Book review: ‘Console Wars’ more about personalities - and that’s not a good thing

Blake Harris' "Console Wars" is a promising but unfulfilling look at the height of the battle between Nintendo and Sega for living room supremacy. (Amazon)
Blake Harris' "Console Wars" is a promising but unfulfilling look at the height of the battle between Nintendo and Sega for living room supremacy. (Amazon)

Console Wars: Sega, Nintendo and the Battle that Defined a Generation
Author: Blake J. Harris
Publisher: HarperCollins
Release: May 13, 2014
List Price: $28.99 (buy it on Amazon)

Cover of "Console Wars" by Blake J. Harris

Like the marketing push for overpriced, overcomplicated consoles in the mid-1990s, Blake Harris' “Console Wars” touts itself as something every video game fan needs.

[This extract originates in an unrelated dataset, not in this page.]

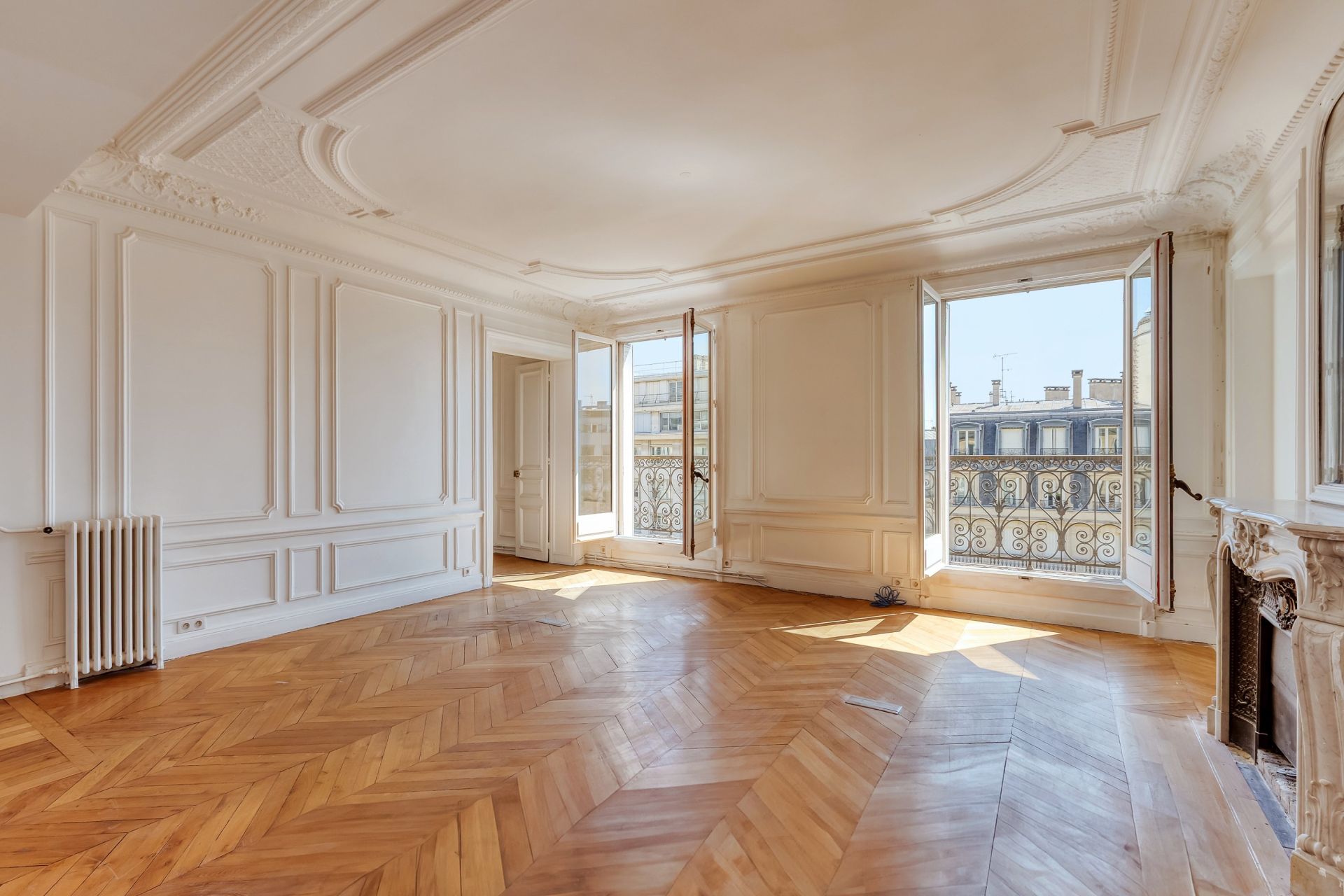 apartment 7 Rooms for sale on PARIS (75008)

To be sure, there are glimpses of deep insight into the reasons Sega rose from obscurity to superstardom, then back to obscurity once more.

But Harris' book, at its core, is a tale about corporate executives, many of whom lack the love of the medium that will attract readers, and its New Journalism style falls flat. A book that could be the definitive essay on the rise of the video game industry from the ashes of the 1980s bust is instead a bloated exposé about one affluent man's many gambles.

A screenshot of Sonic the Hedgehog 2
In 'Console Wars,' you'll learn how Sega created the Tuesday release date for games
with Sonic the Hedgehog 2.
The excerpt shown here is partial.